Suzanne Speidel is Senior Lecturer in Film Studies and Course Leader for BA in Film and Literature at Sheffield Hallam University. She is currently working on a book of film adaptations of the works of E. M. Forster, forthcoming in 2008, and has published articles in books and journals on Joseph Conrad and cinema, and TV drama and narrative theory.
Paul Ward is Senior Lecturer in Animation Theory and History at the Arts Institute at Bournemouth. He is the author of Documentary: The Margins of Reality (Wallflower Press, 2005), and numerous journal and anthology articles on documentary and animation. His work has appeared in Animation: An Interdisciplinary Journal, Scope: AnOnline Journal of Film Studies and the Historical Journal of Film, Radio and Television. He is Reviews Editor for Animation: An Interdisciplinary Journal and a Board Member of the Society for Animation Studies.
Paul Watson is a Senior Lecturer in Film and Media Studies at the University of Teesside, UK. He is the co-author of Three Minute Wonders: Music Video and the Politics of Representation (forthcoming) as well as numerous other articles on aspects of film, media and the politics of representation.
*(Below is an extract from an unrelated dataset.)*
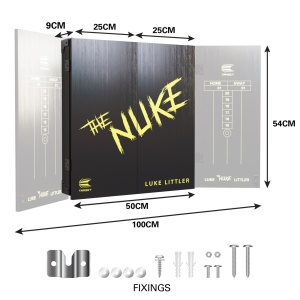 Set Complet Darts Luke 'The Nuke' Littler Cabinet & Dartboard si Sageti - Img 5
Paul Wells is Director of Animation in The Animation Academy at Loughborough University. He has published widely in the field, including Understanding Animation (Routledge 1998), Animation and America (Rutgers University Press, 2002), Animation:Genre and Authorship (Wallflower Press, 2002). He has also made a Channel Four documentary called Cartoons Kick Ass, three BBC programmes on British Animation and an educational video on Special Effects for the British Film Institute.
Additional website contributor
Julia Knight is Reader in Moving Image at the University of Sunderland, and author of New German Cinema: Images of a Generation (2004) and Women and the New German Cinema (1992). She is currently researching film and video distribution and is co-editor of Convergence: The International Journal of Research into New Media Technologies.